§ **INFORMATION SUPPLIED**
- - -

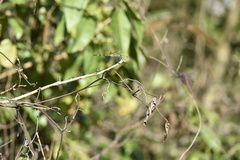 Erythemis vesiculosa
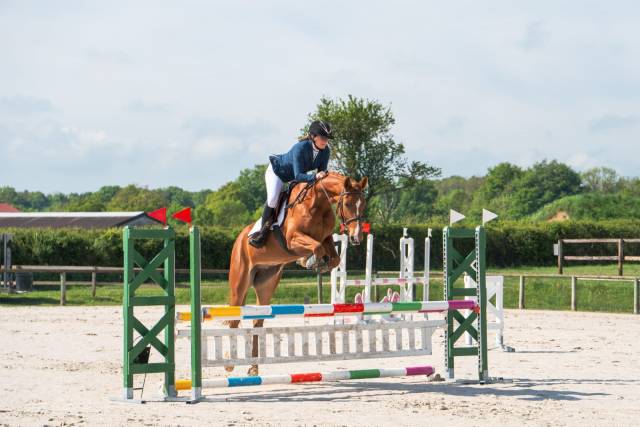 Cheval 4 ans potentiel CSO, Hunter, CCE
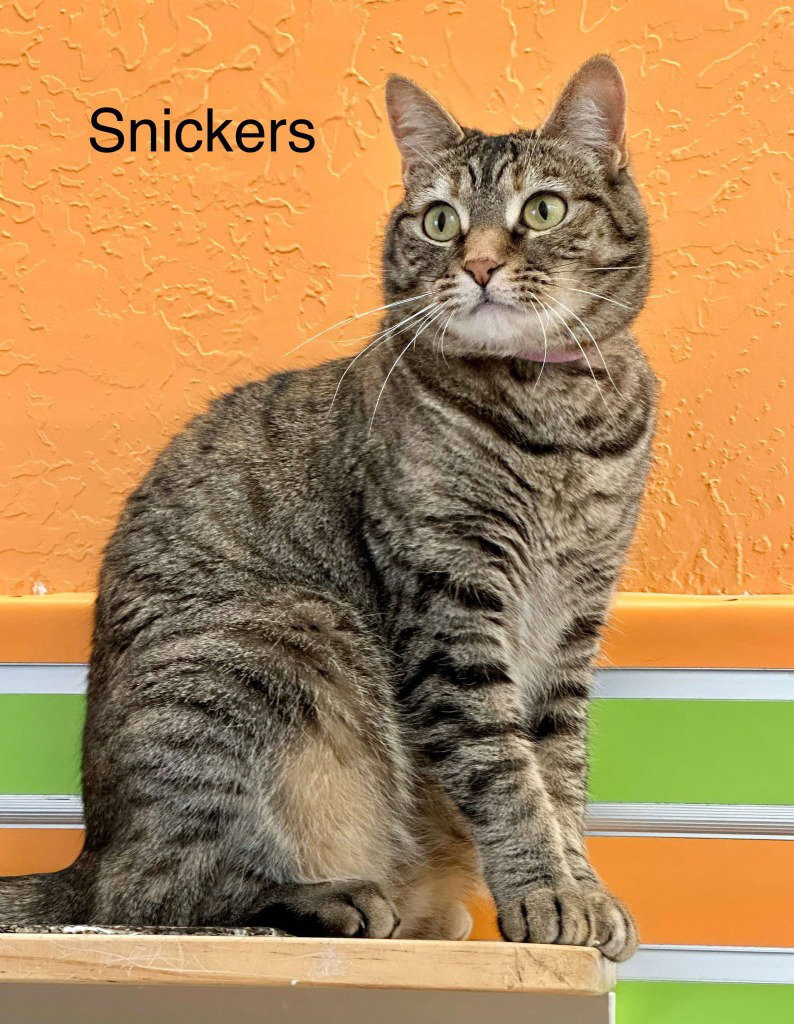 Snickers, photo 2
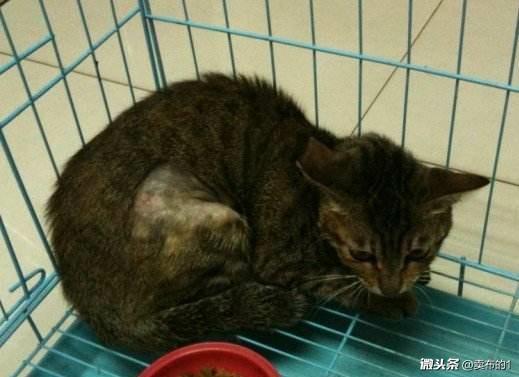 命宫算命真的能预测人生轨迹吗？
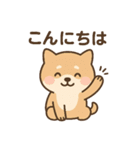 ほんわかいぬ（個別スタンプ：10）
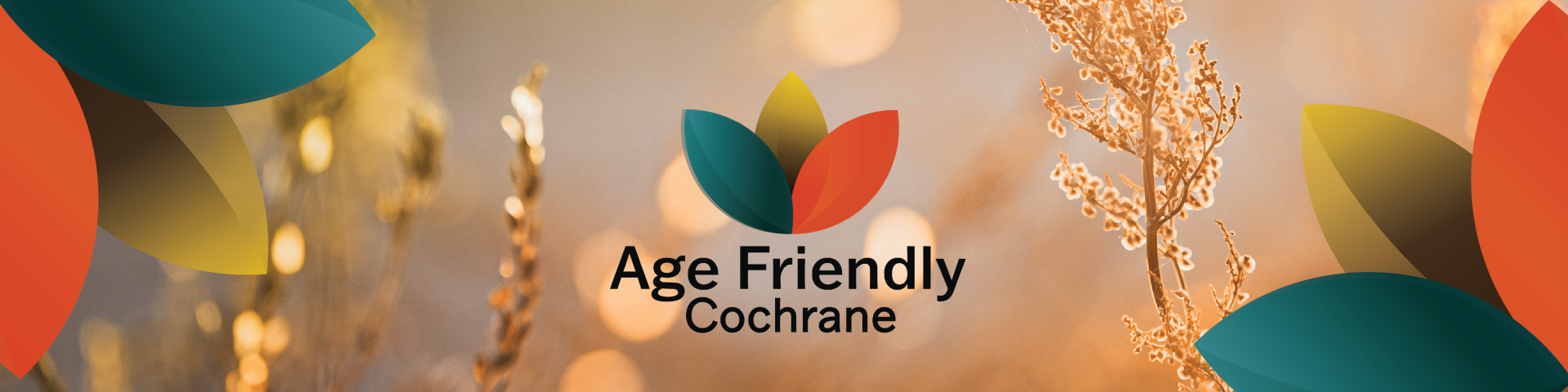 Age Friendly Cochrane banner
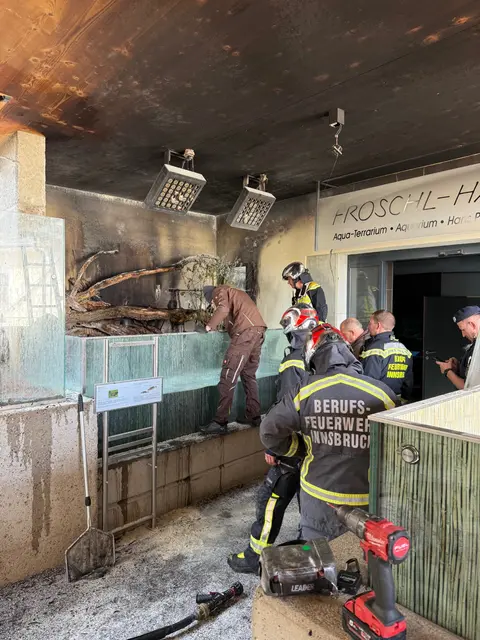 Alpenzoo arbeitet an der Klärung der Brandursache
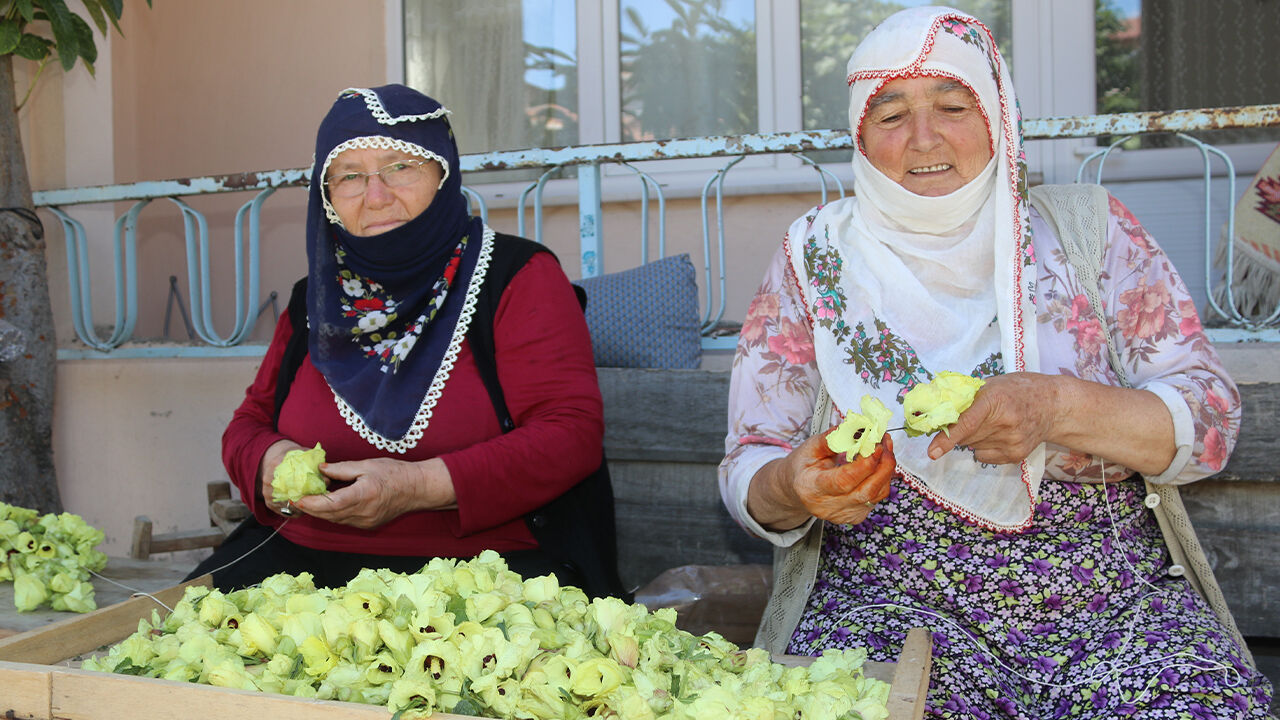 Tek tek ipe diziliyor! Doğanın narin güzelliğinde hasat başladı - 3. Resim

- - -

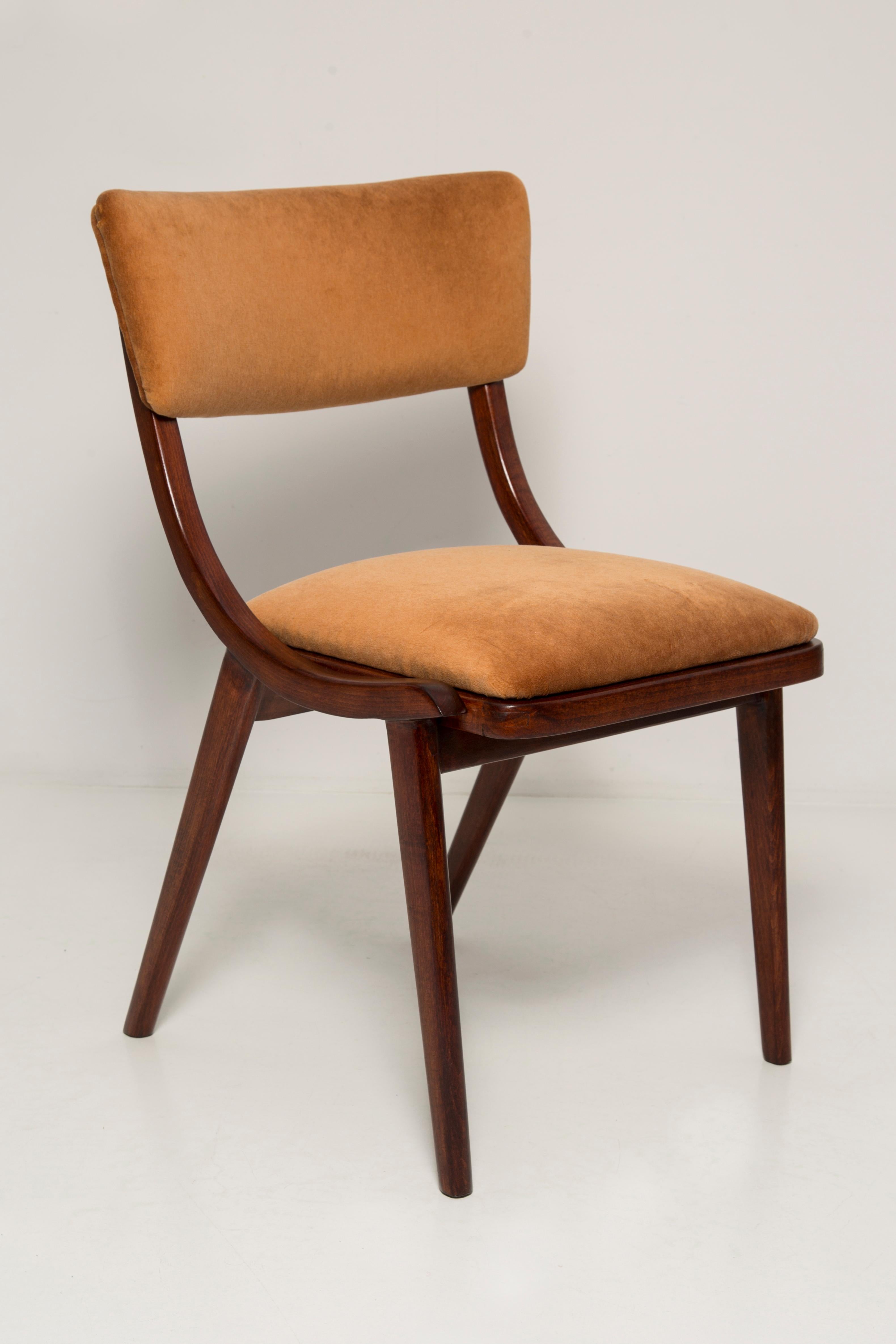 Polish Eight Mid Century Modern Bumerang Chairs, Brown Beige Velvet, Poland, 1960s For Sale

- - -

§ **EXERCISE AIM**
Transcribe exactly the lines above, beginning at the one with "Snickers, photo 2" and going up to and including the one with "Tek tek ipe". Pictures do not belong in the copy.

§ **THE ANSWER**
 Snickers, photo 2
 命宫算命真的能预测人生轨迹吗？
 ほんわかいぬ（個別スタンプ：10）
 Age Friendly Cochrane banner
 Alpenzoo arbeitet an der Klärung der Brandursache
 Tek tek ipe diziliyor! Doğanın narin güzelliğinde hasat başladı - 3. Resim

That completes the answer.